Wednesday, 8 April 2020

Degradation of multi-thread gravel-bed rivers in medium-high mountain settings: Quantitave analysis and possible solutions

The new article about possible solution of gradually transformed Morávka River channel was published in April 2020. The research was realized with Nature Conservation Agency of the Czech Republic in 2017 (see report here).
The Morávka River was characterised large amount of gravels transported from mountainous area of Beskydy Mts to the forefield. Presently, large volumes of gravels is stopped in the upstream part of the Morávka R. basin by a water reservoir and we should also note the presence of check dams in small tributaries together with increase in forested area during 20th century. A combination of field and laboratory research with modelling of the transport stage and the potential bedload transport to determine the dominant discharge was used to understand the process that is necessary to manage Morávka River system. Artificial disturbance of the vegetation cover (which stabilise gravel material) and the relatively rare high-magnitude floods were identified as important factors that could help to increase and preserve the Morávka River active channel dynamics (in Skalická Morávka nature reserve especially).

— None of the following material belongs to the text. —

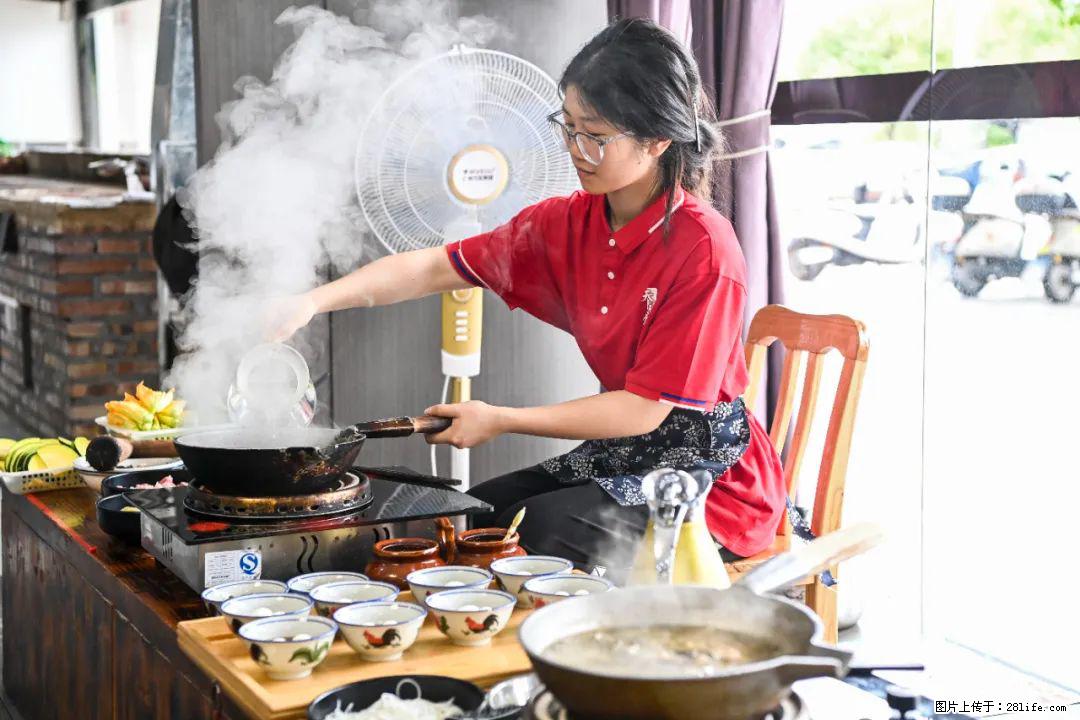 全网追的“扁担女孩”，找了一份暑假工，时薪12元 - 通化生活资讯 - 通化28生活网 th.28life.net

Because sediment balance of the Morávka River system was negatively affected, the estimation of the sediment material deficit as a tool for support, protection and sustainability of the close-to-natural multi-thread channel reach in the nature reserve was necessary. The estimation of absent sediment volumes during ~1- and 20-year recurrence interval of mean daily discharges based on the analysis of eroded material from repeatedly measured cross sections will help to stop further degradation of other multithread gravel-bed rivers. More about these conclusions are available in article which was published in journal Ecological Engineering.

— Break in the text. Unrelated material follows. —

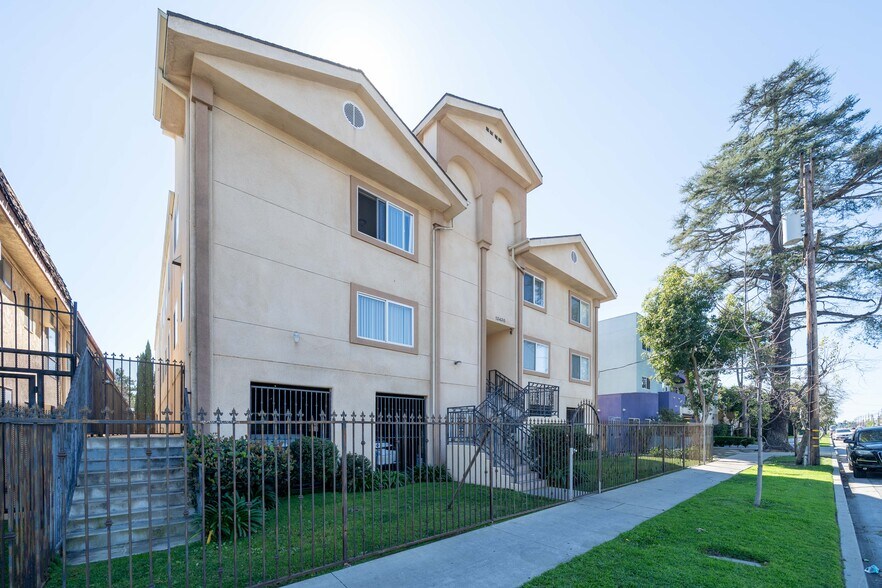 13430 Victory Blvd, Van Nuys, CA à vendre - Photo de l’immeuble – Image 2 sur 30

Schematic showing estimated parameters for eroded material volume calculation of individual segments in the upper part of the nature reserve in the monitored one-year period, showing examples of cross sections at 10.33 r. km; d′i is ½ the length between the given cross section and the adjacent upstream cross section, di is ½ the length between the given cross section and the adjacent downstream cross section, Vi, year is the volume of the eroded/aggraded material of the individual segment in the monitored one-year period, Xi-X'i shows the schematic location of a cross section, (A) Ai, year−1 is the flow area of the channel from the cross section at the beginning of the one-year monitored period in the section where erosion was observed at the end of the monitored period, and (B) Ai, year is the flow area of the channel in the section where erosion was observed from the cross section at the end of the one-year monitored period.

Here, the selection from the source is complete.